Data items
--------------------------------
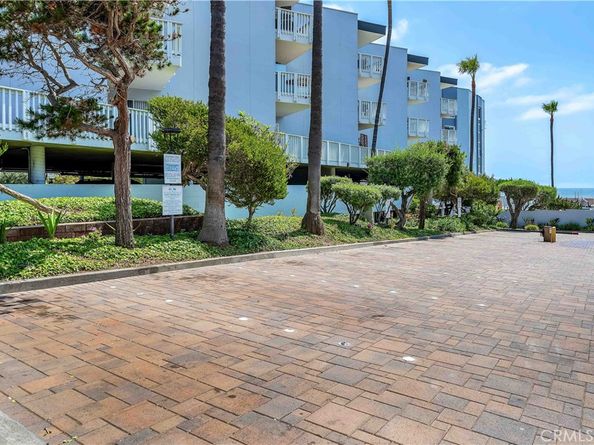 640 The Village 201, Redondo Beach CA 90277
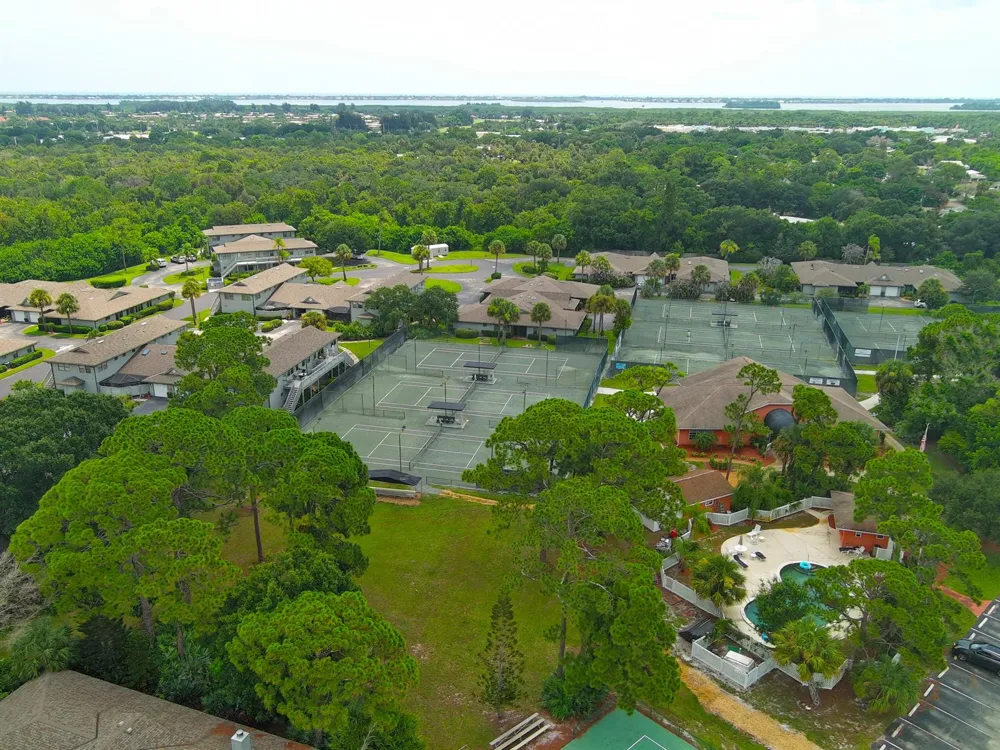 646 CENTRE SW #102 Vero Beach, FL 32962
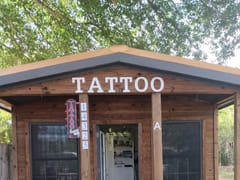 To The Moon Tattoo Studio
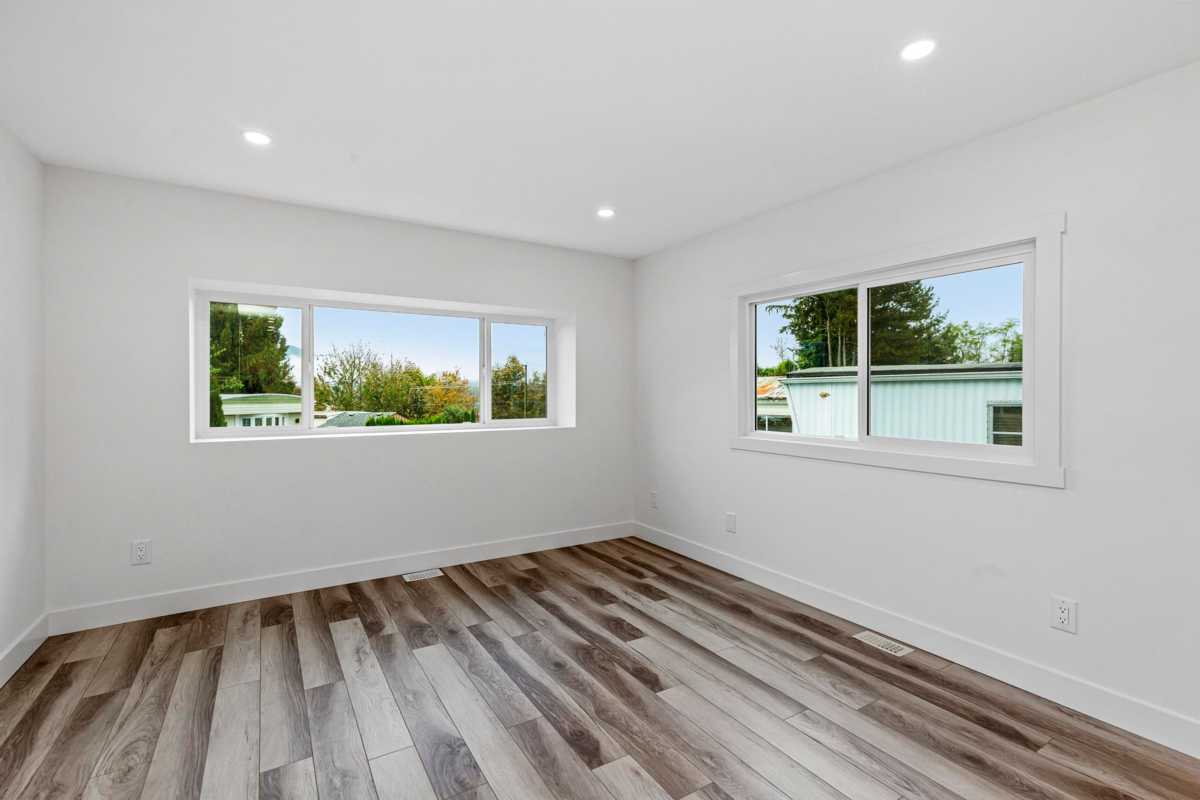 Office / Den Photo of 10 34519 Lougheed Highway, Mission, BC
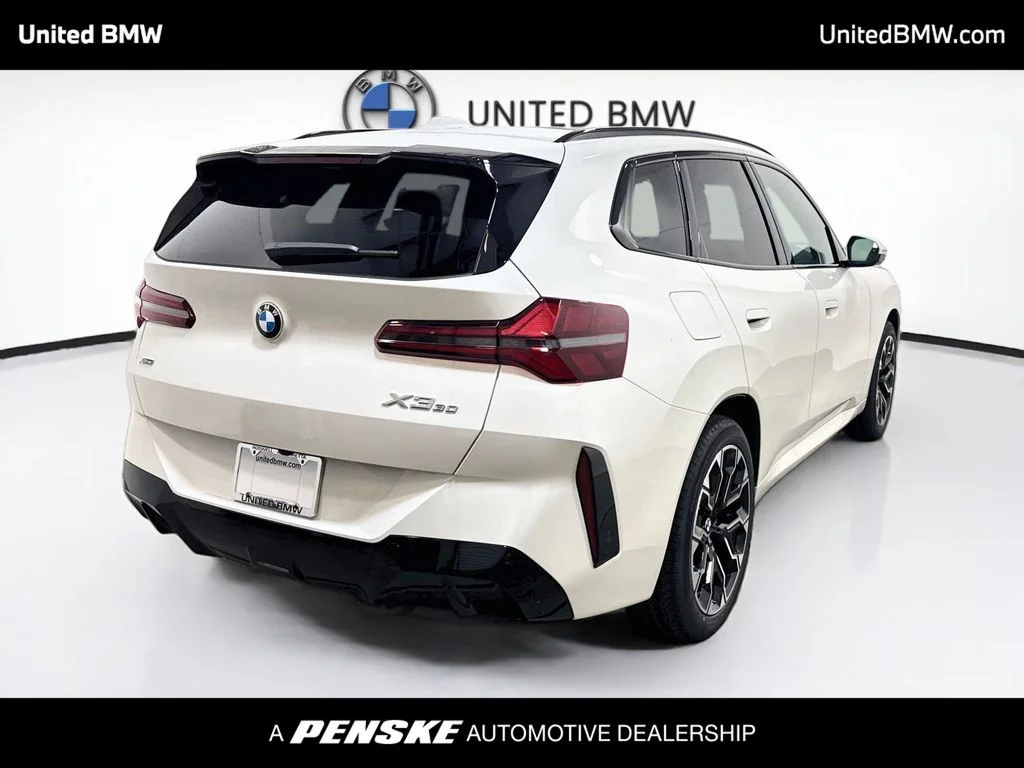 New 2026 Alpine White BMW 30 xDrive image 5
--------------------------------
» **REQUIREMENT**:
Return the records word for word, leaving every picture out of the copy.

» **RESULT BELOW**:
 640 The Village 201, Redondo Beach CA 90277
 646 CENTRE SW #102 Vero Beach, FL 32962
 To The Moon Tattoo Studio
 Office / Den Photo of 10 34519 Lougheed Highway, Mission, BC
 New 2026 Alpine White BMW 30 xDrive image 5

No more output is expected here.